— WHAT THE TASK REQUIRES —
Through the last line of the entries, please copy every line exactly, starting with the one that contains "三栋10层框架结构首层联排式住宅楼建筑设计CAD图纸（1层商用）-图二".

START EXCERPTED DATA

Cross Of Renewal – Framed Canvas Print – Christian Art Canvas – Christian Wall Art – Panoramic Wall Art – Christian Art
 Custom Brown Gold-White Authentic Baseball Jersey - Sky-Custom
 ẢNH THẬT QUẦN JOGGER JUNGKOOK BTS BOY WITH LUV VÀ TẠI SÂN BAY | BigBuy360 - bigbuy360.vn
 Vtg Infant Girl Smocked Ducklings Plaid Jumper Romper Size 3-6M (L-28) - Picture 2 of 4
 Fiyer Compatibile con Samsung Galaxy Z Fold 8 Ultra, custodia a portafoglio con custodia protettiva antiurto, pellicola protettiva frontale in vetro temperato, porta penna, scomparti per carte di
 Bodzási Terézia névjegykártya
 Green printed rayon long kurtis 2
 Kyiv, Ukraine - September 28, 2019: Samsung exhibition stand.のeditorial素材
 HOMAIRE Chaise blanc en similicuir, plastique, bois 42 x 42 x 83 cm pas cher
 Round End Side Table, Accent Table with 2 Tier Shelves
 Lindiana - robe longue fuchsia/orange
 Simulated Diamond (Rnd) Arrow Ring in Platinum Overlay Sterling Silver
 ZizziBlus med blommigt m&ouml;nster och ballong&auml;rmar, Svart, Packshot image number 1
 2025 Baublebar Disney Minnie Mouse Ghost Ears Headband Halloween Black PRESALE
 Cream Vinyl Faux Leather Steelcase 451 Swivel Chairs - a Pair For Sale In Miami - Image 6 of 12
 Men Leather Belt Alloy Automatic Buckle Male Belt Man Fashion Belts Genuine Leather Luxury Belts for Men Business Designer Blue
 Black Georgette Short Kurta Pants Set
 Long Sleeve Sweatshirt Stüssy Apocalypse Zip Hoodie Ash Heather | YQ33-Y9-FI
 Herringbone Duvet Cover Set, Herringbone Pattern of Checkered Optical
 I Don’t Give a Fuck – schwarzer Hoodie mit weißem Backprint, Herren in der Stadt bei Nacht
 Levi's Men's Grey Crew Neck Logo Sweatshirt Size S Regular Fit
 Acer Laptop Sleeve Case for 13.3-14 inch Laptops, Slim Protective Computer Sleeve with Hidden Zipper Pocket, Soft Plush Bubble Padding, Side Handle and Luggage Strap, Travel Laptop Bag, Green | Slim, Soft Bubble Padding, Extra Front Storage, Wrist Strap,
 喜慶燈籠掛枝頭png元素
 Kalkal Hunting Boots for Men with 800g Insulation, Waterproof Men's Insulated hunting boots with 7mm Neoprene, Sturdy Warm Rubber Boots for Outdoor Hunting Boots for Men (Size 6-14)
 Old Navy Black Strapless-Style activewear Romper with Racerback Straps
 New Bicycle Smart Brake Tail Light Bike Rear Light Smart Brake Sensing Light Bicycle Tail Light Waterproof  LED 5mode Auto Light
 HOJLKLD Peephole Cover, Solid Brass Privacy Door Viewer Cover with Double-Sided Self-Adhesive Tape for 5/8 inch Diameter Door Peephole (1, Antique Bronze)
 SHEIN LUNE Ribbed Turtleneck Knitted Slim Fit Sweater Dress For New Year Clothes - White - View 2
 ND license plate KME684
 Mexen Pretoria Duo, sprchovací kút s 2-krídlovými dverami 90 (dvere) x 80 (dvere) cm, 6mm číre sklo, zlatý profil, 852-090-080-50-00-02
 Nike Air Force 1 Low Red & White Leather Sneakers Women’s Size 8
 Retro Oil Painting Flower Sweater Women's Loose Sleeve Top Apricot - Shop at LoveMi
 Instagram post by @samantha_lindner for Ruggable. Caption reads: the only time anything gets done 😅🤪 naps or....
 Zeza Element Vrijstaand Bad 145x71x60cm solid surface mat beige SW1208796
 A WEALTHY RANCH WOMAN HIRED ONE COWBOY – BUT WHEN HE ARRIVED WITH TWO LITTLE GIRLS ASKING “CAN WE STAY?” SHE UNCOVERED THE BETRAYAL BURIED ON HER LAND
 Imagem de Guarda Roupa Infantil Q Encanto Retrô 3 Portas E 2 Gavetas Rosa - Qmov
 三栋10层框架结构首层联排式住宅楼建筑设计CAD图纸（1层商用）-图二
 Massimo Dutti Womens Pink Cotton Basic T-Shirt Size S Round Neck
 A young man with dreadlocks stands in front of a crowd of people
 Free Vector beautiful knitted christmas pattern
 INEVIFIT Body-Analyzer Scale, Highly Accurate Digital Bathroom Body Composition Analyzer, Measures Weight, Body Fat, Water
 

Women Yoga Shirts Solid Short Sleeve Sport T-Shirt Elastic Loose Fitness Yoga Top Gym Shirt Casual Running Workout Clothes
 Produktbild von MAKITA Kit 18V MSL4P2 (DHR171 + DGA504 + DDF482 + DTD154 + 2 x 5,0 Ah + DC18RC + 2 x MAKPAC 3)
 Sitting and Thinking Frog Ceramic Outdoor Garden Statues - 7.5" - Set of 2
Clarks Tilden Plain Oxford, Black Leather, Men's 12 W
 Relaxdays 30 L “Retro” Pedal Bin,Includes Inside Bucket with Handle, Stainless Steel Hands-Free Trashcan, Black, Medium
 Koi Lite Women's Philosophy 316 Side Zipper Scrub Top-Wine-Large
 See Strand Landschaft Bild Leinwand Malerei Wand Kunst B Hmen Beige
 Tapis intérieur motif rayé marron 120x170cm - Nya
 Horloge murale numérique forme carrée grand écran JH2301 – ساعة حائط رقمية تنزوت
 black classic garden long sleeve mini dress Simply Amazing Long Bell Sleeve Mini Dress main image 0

END EXCERPTED DATA

— ANSWER FOR THE TASK —
 三栋10层框架结构首层联排式住宅楼建筑设计CAD图纸（1层商用）-图二
 Massimo Dutti Womens Pink Cotton Basic T-Shirt Size S Round Neck
 A young man with dreadlocks stands in front of a crowd of people
 Free Vector beautiful knitted christmas pattern
 INEVIFIT Body-Analyzer Scale, Highly Accurate Digital Bathroom Body Composition Analyzer, Measures Weight, Body Fat, Water
 

Women Yoga Shirts Solid Short Sleeve Sport T-Shirt Elastic Loose Fitness Yoga Top Gym Shirt Casual Running Workout Clothes
 Produktbild von MAKITA Kit 18V MSL4P2 (DHR171 + DGA504 + DDF482 + DTD154 + 2 x 5,0 Ah + DC18RC + 2 x MAKPAC 3)
 Sitting and Thinking Frog Ceramic Outdoor Garden Statues - 7.5" - Set of 2
Clarks Tilden Plain Oxford, Black Leather, Men's 12 W
 Relaxdays 30 L “Retro” Pedal Bin,Includes Inside Bucket with Handle, Stainless Steel Hands-Free Trashcan, Black, Medium
 Koi Lite Women's Philosophy 316 Side Zipper Scrub Top-Wine-Large
 See Strand Landschaft Bild Leinwand Malerei Wand Kunst B Hmen Beige
 Tapis intérieur motif rayé marron 120x170cm - Nya
 Horloge murale numérique forme carrée grand écran JH2301 – ساعة حائط رقمية تنزوت
 black classic garden long sleeve mini dress Simply Amazing Long Bell Sleeve Mini Dress main image 0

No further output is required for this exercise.